I'd say you are the Hero...in the ACA family Roles,
The Family Hero: The family hero, usually the oldest child, is the perfectionist. This child believes that if he or she is perfect, the substance abuser will be cured. Perfectionism can range from school achievement to relationships with siblings and even cleanliness. The hero is usually an excellent student, involved in several extracurricular activities at once, and is sometimes the "teacher’s pet." On the outside this child appears to be highly successful, self-sufficient, and well-adjusted. Underneath this facade however, the family hero feels inadequate, because no matter how "perfect" he or she is, the substance abuser continued to drink or use drugs. The family hero shouldered the responsibility of taking care of everyone. Their self-worth required the approval of others. It was their job to make the family look good. And when they fall short, they feel like they have failed.

Just a suggestion.........keep coming back.....you are worth it.micealc.

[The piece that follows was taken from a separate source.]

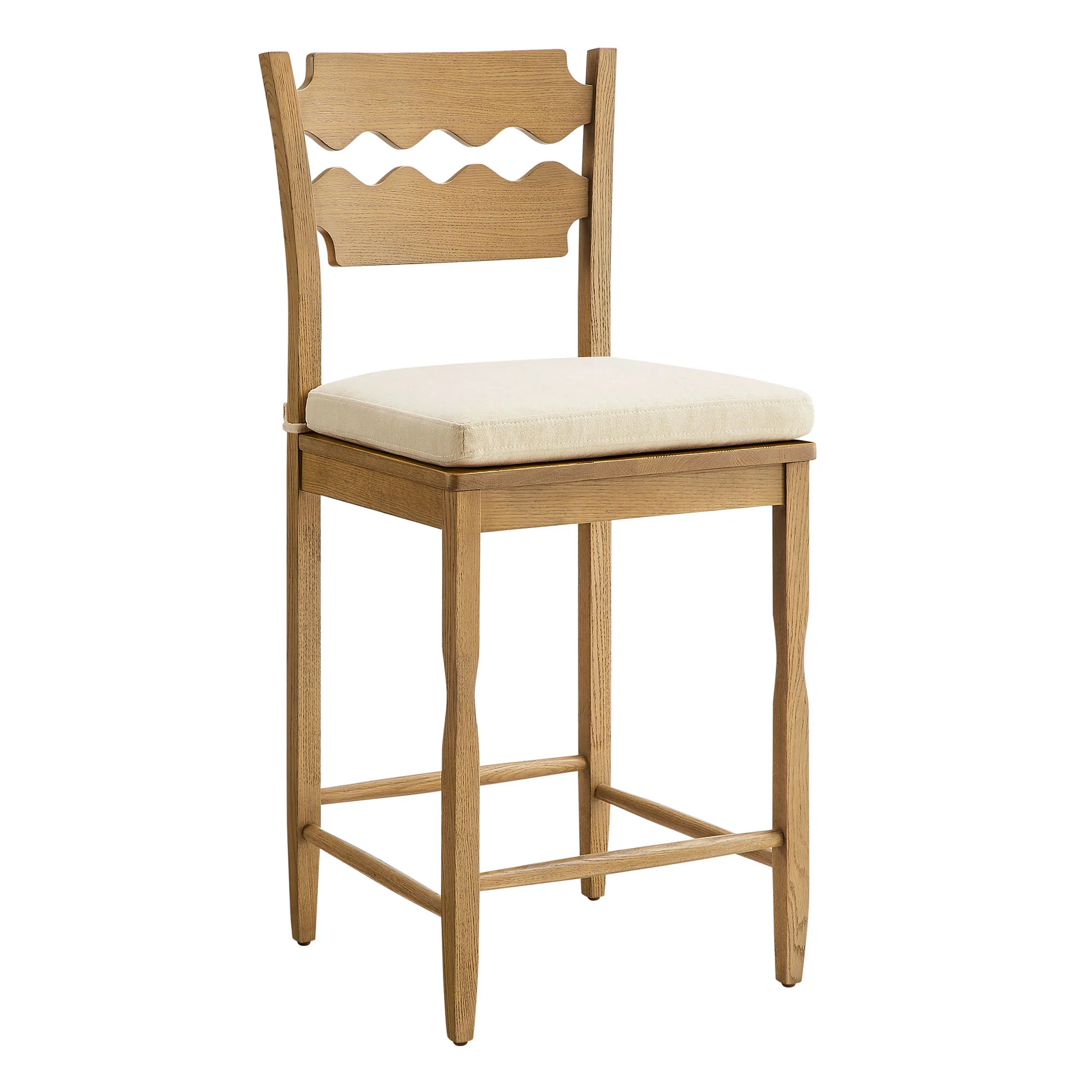 Jax Oak Wood Counter Stool With Wavy Razor Back and Cushion by Modway - Image 51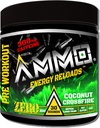 AMMO ® Energy ReloadsTM Pre Workout Toz - 300 mg Caffeine Zero Sugar Vital Aminos and Electrolytes No Yapay Flavors or Colors (Coconut Crossfire)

HoopNinja 03-27-2011 12:26 PM

Ennuui--are you sure that name fits you :) From what I've read so far you are just the opposite of ennui! Welcome!

When I read you post I have to admit my first feeling was frustration that people who we should be able to count on to support us are the very ones who bring us down. My mom was extremely abusive. She had 4 children and we all took separate paths in our adult lives. I thought I was "better" because I did not engage with her anymore but I fell into the codie state of mind because it was what felt nice and cozy (though it was not). It took coming here for me to really break some of the destructive paths I had continued to put myself on-even when I stopped listening to my mother's constant denigrating garbage.

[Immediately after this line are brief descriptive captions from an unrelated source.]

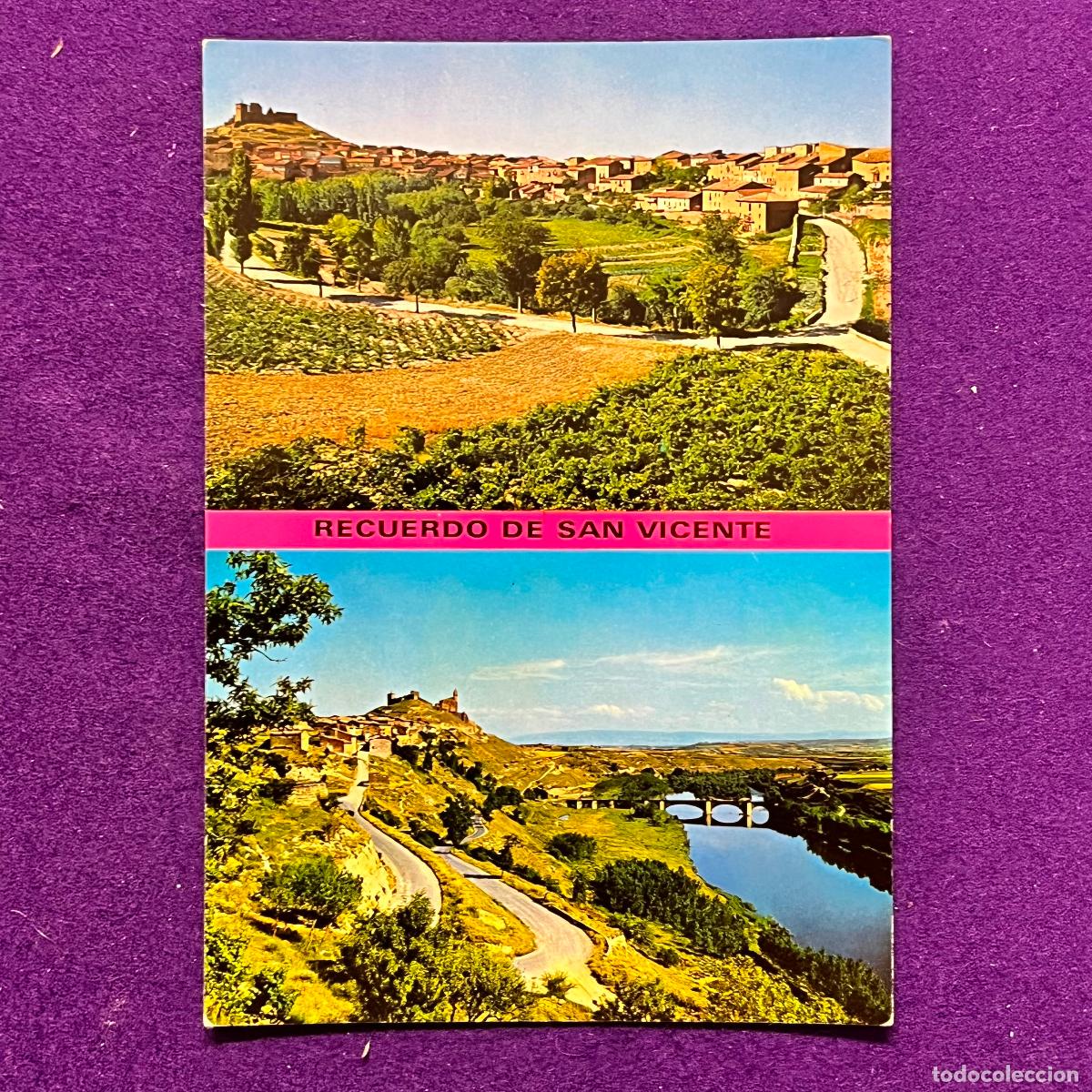 Postales: POSTAL DE SAN VICENTE DE LA SONSIERRA (LA RIOJA). VISTA ESTE Y CARRETERA BA&Ntilde;OS DE EBRO.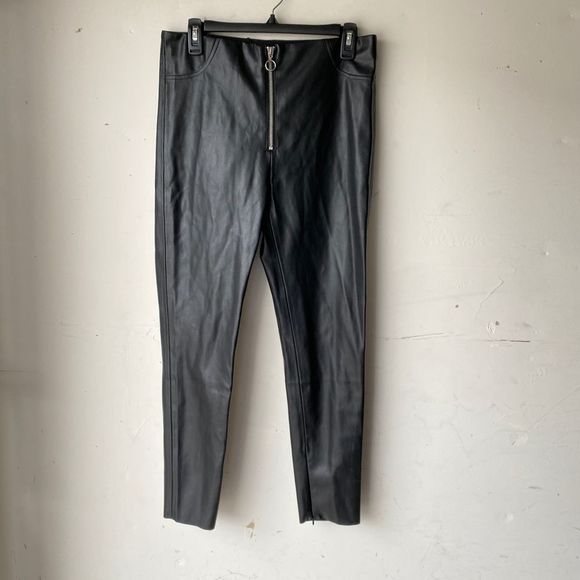 Zara women pants faux leather pants front zipper
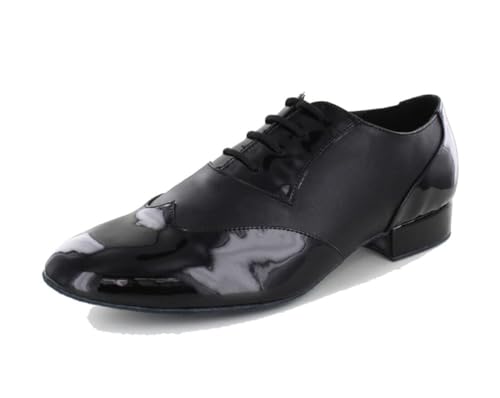 MGM-Joymod Herren Klassische Mode Schnürung Geschlossene Zehen Salsa Tango Samba Jazz Rumba Ballsaal Latein Modern Tanzschuhe Abend Hochzeit Schuhe, Schwarz - Schwarz, 2.5cm Absatz - Größe: 46 EU von MGM-Joymod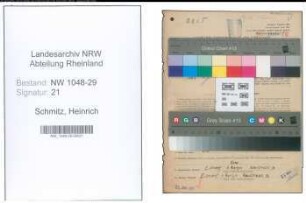 Entnazifizierung Heinrich Schmitz , geb. 22.08.1893 (Bahnbeamter)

I am happy that you are finding you are the gem you are and happy to hear about the new jobs--both of them. A safety net is never a bad thing-when you don't need it anymore you can get rid of it.

You are obvioiusly a "get it done" person. Not surprising being an ACoA. We can be ambitious overachievers and that can come in handy :) I was happy to read your post and see you are moving forward and not back in with the people who pull you down. You have pulled yourself up and that toxic place can sometimes bring us back down-even if we are there for a short time.

I have to say I went from GRRRRR to YAY from your first post to your last. I am happy you are taking care of YOU!